Print the listing below exactly, minus its pictures.

- _SUPPLIED RECORDS_
- - - - - - -

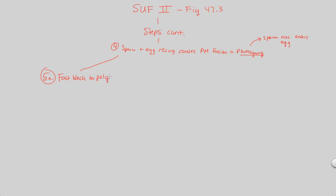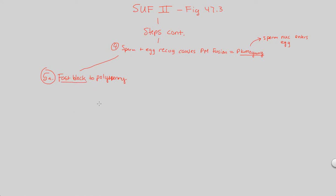We're going to devote step 5A on this side here, and then over here we'll talk about step 5B. Let's do step 5A first. Step 5A is something known as the fast block, the fast block to polyspermy. If you remember, polyspermy was something we wanted to prevent. So how are we going to prevent it specifically?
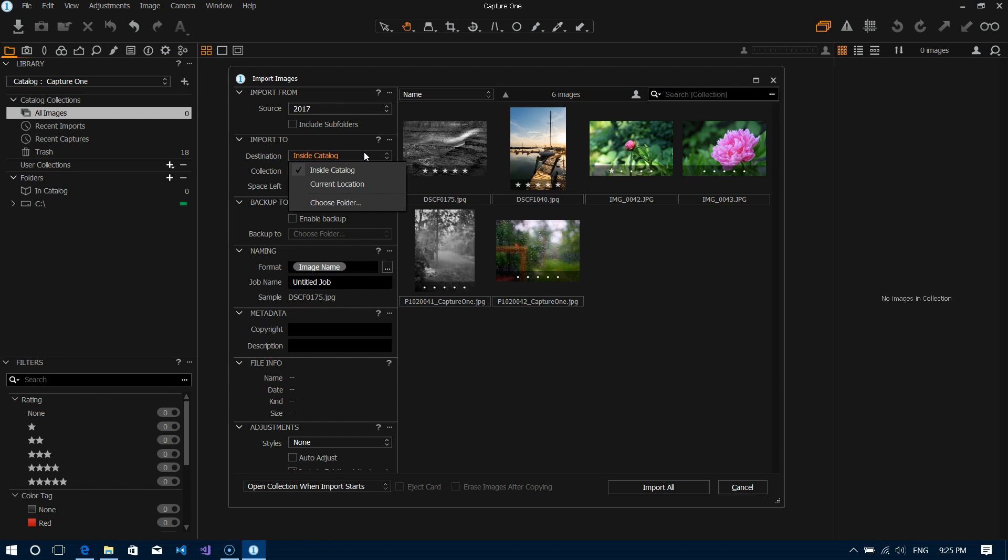If you decide to import inside the catalog, Capture One basically is going to take over the management of the files. So that means it's going to copy all of the files that you've specified in the previous selection and import them into its own database.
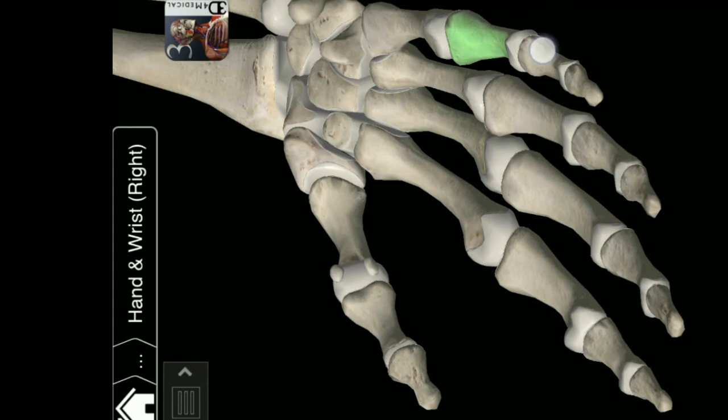Intermediate phalanx. Distal phalanx of fifth digit of hand. Proximal phalanx of fourth digit of hand. Intermediate phalanx of fourth digit of hand. Third digit of hand.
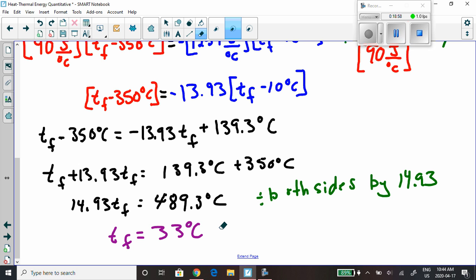That's the final temperature for both the water and the iron. Check the website for the homework I've left. Try it and good luck, everybody. Keep working hard — I'm really proud of you. Communicate with your friends, because we all learn better when we learn together. If you have any questions, I've created discussion threads where I'll be happy to help. Take care, bye-bye.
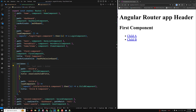We will use canActivateChild for role-based access — to control access to a group of child routes based on roles or permissions. Also for feature toggles, you can conditionally activate child routes based on feature flags in your application, allowing or denying access to new features without changing the parent routes. Hope you understood this concept. If you have any doubts or suggestions, please post comments below. If you liked this video, please support me by subscribing to my channel. Thank you.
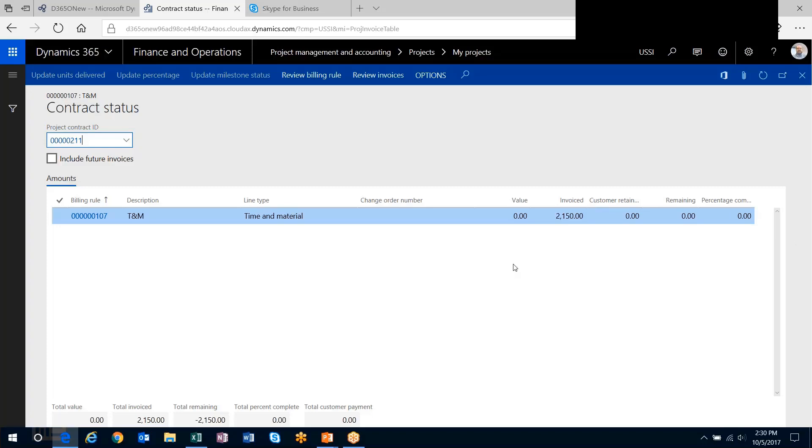You can set up multiple TNM billing rules on a project as well. If you wanted all labor to come through one billing rule, you set up a billing rule with all the labor categories associated with it. Another one with all the expenses associated with it, and maybe a third one with all subcontractors associated with it.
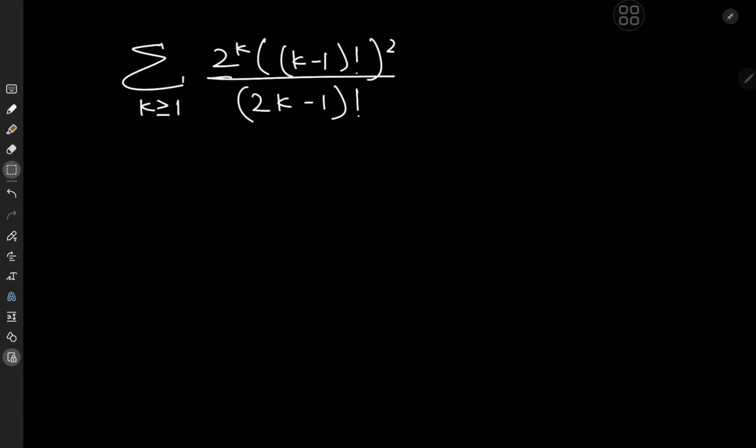Today we have this ridiculously awesome looking internet series. It's the sum over the positive integers k of 2 to the k times k minus 1 factorial squared, divided by 2k minus 1 factorial. It's interesting enough that this thing even converges, but what's even better is the value it converges to. The result will make the solution development all the more satisfying. So without further delay, let's call the sum S for reference purposes.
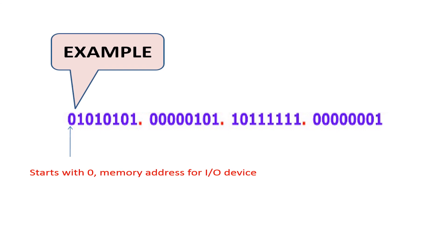Then, we can use the remaining 31 bits of the address as the actual address portion for selecting a memory location or input output device. That brings us to the end of the section. Thank you and see you in our next section.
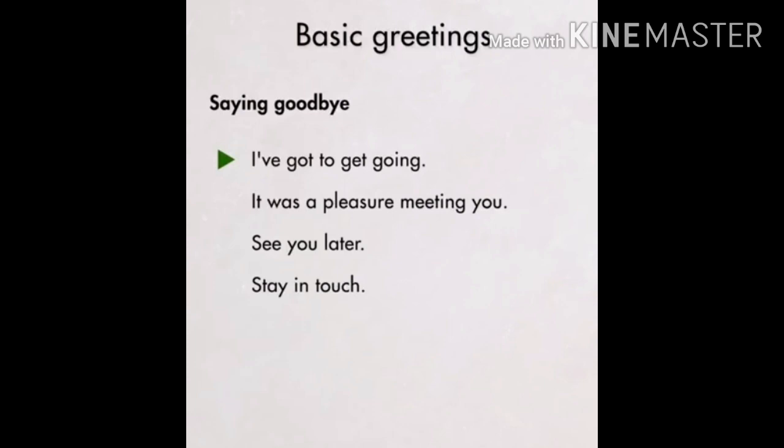Now, saying goodbye. 'I've gotta get going' — that means mujhe jana hai. 'It was a pleasure meeting you.' 'See you later.' 'Stay in touch' means baat karte rehna. These are some of the basic ways of saying goodbye: I've got to get going, it was a pleasure meeting you — aap se milke bohot achha laga — see you later, baad mein milte hain, and stay in touch.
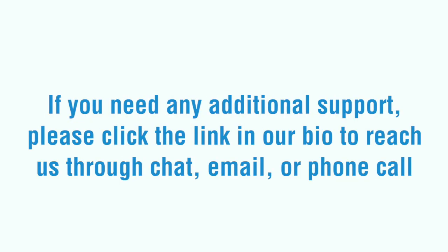If you need any additional support, please click the link in our bio to reach us through chat, email, or phone call.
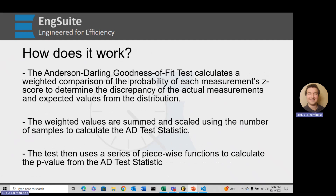How does it work? The Anderson-Darling goodness of fit test calculates a weighted comparison of the probability of each measurement's z-score to determine the discrepancy of the actual measurements and expected values from the distribution. What it's really saying is that it's a weighted comparison of how likely each z-score is when you compare it to the expected z-scores.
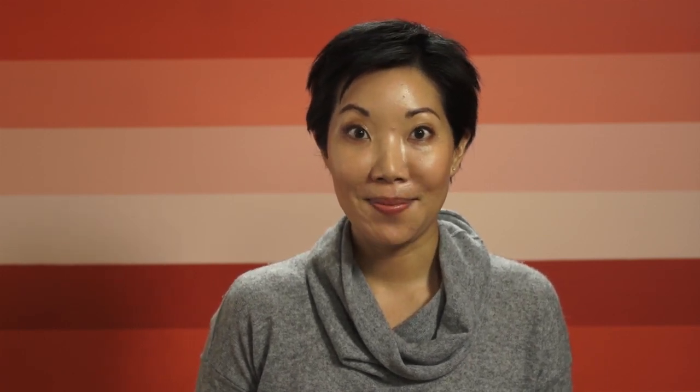Verifying ownership of your site in Webmaster Tools provides you and Google a secure channel for giving and receiving information. For this video, we'll focus on HTML meta tag verification.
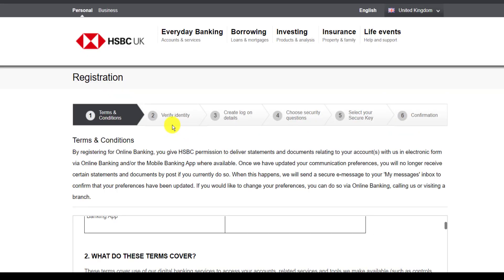After that, you will have to verify your identity, then create log on details. And for security reasons, you will have to choose security questions, which will come in handy when you have forgotten your password or your username. Then you will have to select your secure key and finally you will have to confirm it.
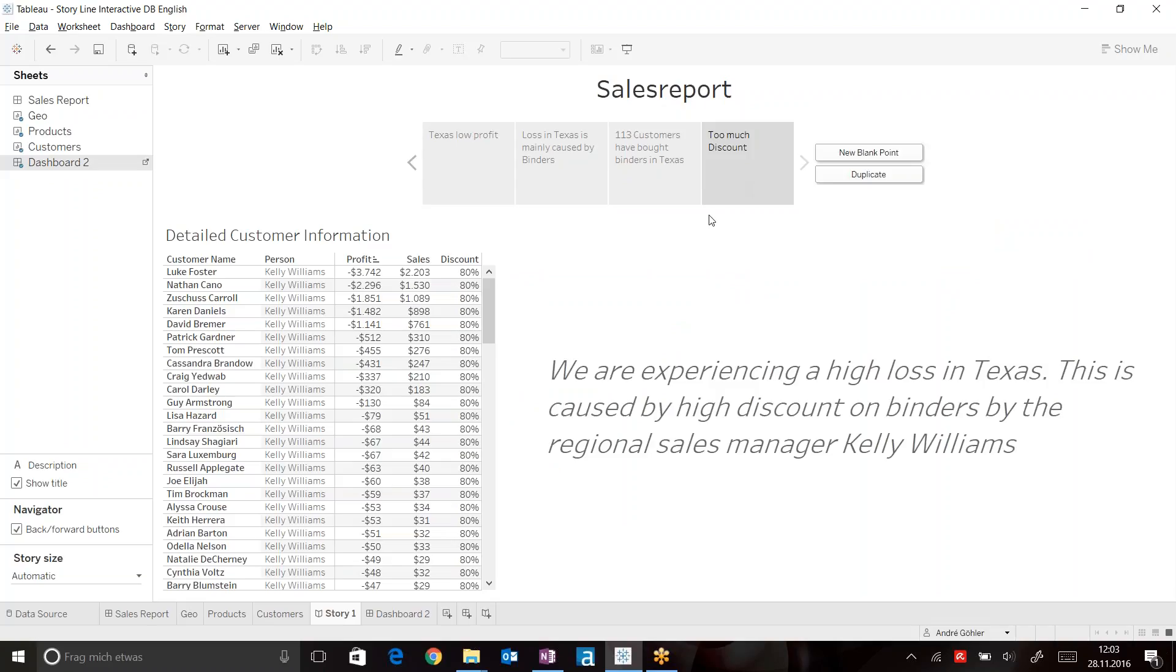And this is a great example of using storyboards instead of interactive dashboard. We can provide our direct discovery within a storyboard without the consumer having to find out this information himself.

- - - - - - -

- _EXERCISE RESULT_
We're going to devote step 5A on this side here, and then over here we'll talk about step 5B. Let's do step 5A first. Step 5A is something known as the fast block, the fast block to polyspermy. If you remember, polyspermy was something we wanted to prevent. So how are we going to prevent it specifically?
If you decide to import inside the catalog, Capture One basically is going to take over the management of the files. So that means it's going to copy all of the files that you've specified in the previous selection and import them into its own database.
Intermediate phalanx. Distal phalanx of fifth digit of hand. Proximal phalanx of fourth digit of hand. Intermediate phalanx of fourth digit of hand. Third digit of hand.
That's the final temperature for both the water and the iron. Check the website for the homework I've left. Try it and good luck, everybody. Keep working hard — I'm really proud of you. Communicate with your friends, because we all learn better when we learn together. If you have any questions, I've created discussion threads where I'll be happy to help. Take care, bye-bye.
We will use canActivateChild for role-based access — to control access to a group of child routes based on roles or permissions. Also for feature toggles, you can conditionally activate child routes based on feature flags in your application, allowing or denying access to new features without changing the parent routes. Hope you understood this concept. If you have any doubts or suggestions, please post comments below. If you liked this video, please support me by subscribing to my channel. Thank you.
You can set up multiple TNM billing rules on a project as well. If you wanted all labor to come through one billing rule, you set up a billing rule with all the labor categories associated with it. Another one with all the expenses associated with it, and maybe a third one with all subcontractors associated with it.
Today we have this ridiculously awesome looking internet series. It's the sum over the positive integers k of 2 to the k times k minus 1 factorial squared, divided by 2k minus 1 factorial. It's interesting enough that this thing even converges, but what's even better is the value it converges to. The result will make the solution development all the more satisfying. So without further delay, let's call the sum S for reference purposes.
Then, we can use the remaining 31 bits of the address as the actual address portion for selecting a memory location or input output device. That brings us to the end of the section. Thank you and see you in our next section.
Now, saying goodbye. 'I've gotta get going' — that means mujhe jana hai. 'It was a pleasure meeting you.' 'See you later.' 'Stay in touch' means baat karte rehna. These are some of the basic ways of saying goodbye: I've got to get going, it was a pleasure meeting you — aap se milke bohot achha laga — see you later, baad mein milte hain, and stay in touch.
If you need any additional support, please click the link in our bio to reach us through chat, email, or phone call.
How does it work? The Anderson-Darling goodness of fit test calculates a weighted comparison of the probability of each measurement's z-score to determine the discrepancy of the actual measurements and expected values from the distribution. What it's really saying is that it's a weighted comparison of how likely each z-score is when you compare it to the expected z-scores.
Verifying ownership of your site in Webmaster Tools provides you and Google a secure channel for giving and receiving information. For this video, we'll focus on HTML meta tag verification.
After that, you will have to verify your identity, then create log on details. And for security reasons, you will have to choose security questions, which will come in handy when you have forgotten your password or your username. Then you will have to select your secure key and finally you will have to confirm it.
And this is a great example of using storyboards instead of interactive dashboard. We can provide our direct discovery within a storyboard without the consumer having to find out this information himself.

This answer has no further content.